[Stored items]
*** Begin section ***

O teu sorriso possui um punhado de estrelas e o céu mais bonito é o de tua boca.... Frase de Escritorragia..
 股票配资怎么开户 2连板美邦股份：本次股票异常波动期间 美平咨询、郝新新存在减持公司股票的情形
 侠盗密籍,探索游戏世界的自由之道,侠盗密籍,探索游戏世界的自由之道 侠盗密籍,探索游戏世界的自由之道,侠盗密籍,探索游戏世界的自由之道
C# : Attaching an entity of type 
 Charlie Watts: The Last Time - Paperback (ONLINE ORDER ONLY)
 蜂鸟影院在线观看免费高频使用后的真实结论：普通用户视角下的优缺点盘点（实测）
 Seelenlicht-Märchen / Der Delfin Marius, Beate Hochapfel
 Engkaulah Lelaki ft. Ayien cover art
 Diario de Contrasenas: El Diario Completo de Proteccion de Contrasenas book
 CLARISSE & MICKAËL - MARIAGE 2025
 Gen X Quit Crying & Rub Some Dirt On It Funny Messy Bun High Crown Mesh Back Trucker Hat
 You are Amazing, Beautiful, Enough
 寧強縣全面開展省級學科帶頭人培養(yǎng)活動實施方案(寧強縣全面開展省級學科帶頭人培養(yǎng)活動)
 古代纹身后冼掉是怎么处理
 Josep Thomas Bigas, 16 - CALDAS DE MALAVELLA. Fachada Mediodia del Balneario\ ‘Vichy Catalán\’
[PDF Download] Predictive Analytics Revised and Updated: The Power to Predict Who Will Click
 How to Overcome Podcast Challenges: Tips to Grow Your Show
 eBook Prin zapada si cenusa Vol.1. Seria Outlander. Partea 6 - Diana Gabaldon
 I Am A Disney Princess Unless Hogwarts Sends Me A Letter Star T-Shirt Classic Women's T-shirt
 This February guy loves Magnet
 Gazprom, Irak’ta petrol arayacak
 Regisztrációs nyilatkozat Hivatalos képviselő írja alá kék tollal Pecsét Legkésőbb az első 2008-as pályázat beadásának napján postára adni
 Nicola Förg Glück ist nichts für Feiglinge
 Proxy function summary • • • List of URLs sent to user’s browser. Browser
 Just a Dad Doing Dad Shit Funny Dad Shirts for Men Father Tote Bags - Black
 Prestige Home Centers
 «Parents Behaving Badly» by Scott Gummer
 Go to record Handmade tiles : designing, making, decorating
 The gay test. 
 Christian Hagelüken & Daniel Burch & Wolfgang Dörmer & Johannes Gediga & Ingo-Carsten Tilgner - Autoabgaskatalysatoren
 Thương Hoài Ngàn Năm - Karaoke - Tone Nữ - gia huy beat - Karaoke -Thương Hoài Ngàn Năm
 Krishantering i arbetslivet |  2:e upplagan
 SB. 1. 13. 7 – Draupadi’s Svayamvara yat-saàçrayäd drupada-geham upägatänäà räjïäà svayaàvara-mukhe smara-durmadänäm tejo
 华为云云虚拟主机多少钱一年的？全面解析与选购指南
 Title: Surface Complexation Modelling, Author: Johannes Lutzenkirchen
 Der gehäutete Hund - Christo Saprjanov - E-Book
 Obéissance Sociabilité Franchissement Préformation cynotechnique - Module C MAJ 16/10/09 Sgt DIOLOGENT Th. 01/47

*** End section ***

Problem to work on
Of the lines above, extract only those from the line with "How to Overcome" to the line with "Krishantering i arbetslivet", both included, exactly as written.

Finished task
 How to Overcome Podcast Challenges: Tips to Grow Your Show
 eBook Prin zapada si cenusa Vol.1. Seria Outlander. Partea 6 - Diana Gabaldon
 I Am A Disney Princess Unless Hogwarts Sends Me A Letter Star T-Shirt Classic Women's T-shirt
 This February guy loves Magnet
 Gazprom, Irak’ta petrol arayacak
 Regisztrációs nyilatkozat Hivatalos képviselő írja alá kék tollal Pecsét Legkésőbb az első 2008-as pályázat beadásának napján postára adni
 Nicola Förg Glück ist nichts für Feiglinge
 Proxy function summary • • • List of URLs sent to user’s browser. Browser
 Just a Dad Doing Dad Shit Funny Dad Shirts for Men Father Tote Bags - Black
 Prestige Home Centers
 «Parents Behaving Badly» by Scott Gummer
 Go to record Handmade tiles : designing, making, decorating
 The gay test. 
 Christian Hagelüken & Daniel Burch & Wolfgang Dörmer & Johannes Gediga & Ingo-Carsten Tilgner - Autoabgaskatalysatoren
 Thương Hoài Ngàn Năm - Karaoke - Tone Nữ - gia huy beat - Karaoke -Thương Hoài Ngàn Năm
 Krishantering i arbetslivet |  2:e upplagan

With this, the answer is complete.